● **EXERCISE OBJECTIVE**
Transcribe the material from its first line onward, ending with the line that contains "Certified 2024 Hyundai Elantra SE image 14" and adding nothing beyond it.
--
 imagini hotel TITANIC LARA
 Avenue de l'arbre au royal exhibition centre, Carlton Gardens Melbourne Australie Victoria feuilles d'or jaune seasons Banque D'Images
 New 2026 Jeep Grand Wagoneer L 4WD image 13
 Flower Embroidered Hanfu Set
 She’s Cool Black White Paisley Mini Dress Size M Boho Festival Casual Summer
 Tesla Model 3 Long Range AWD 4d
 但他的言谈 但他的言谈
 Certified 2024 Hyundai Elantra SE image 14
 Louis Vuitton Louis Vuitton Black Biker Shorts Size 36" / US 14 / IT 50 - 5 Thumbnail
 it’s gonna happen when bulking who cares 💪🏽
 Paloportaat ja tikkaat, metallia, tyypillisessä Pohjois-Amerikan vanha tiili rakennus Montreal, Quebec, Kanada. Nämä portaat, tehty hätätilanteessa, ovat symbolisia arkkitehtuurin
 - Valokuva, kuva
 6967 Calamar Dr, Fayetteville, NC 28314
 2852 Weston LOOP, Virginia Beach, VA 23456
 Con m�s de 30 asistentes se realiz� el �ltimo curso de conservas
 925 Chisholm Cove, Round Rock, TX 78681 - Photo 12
--
● **TASK RESPONSE**
 imagini hotel TITANIC LARA
 Avenue de l'arbre au royal exhibition centre, Carlton Gardens Melbourne Australie Victoria feuilles d'or jaune seasons Banque D'Images
 New 2026 Jeep Grand Wagoneer L 4WD image 13
 Flower Embroidered Hanfu Set
 She’s Cool Black White Paisley Mini Dress Size M Boho Festival Casual Summer
 Tesla Model 3 Long Range AWD 4d
 但他的言谈 但他的言谈
 Certified 2024 Hyundai Elantra SE image 14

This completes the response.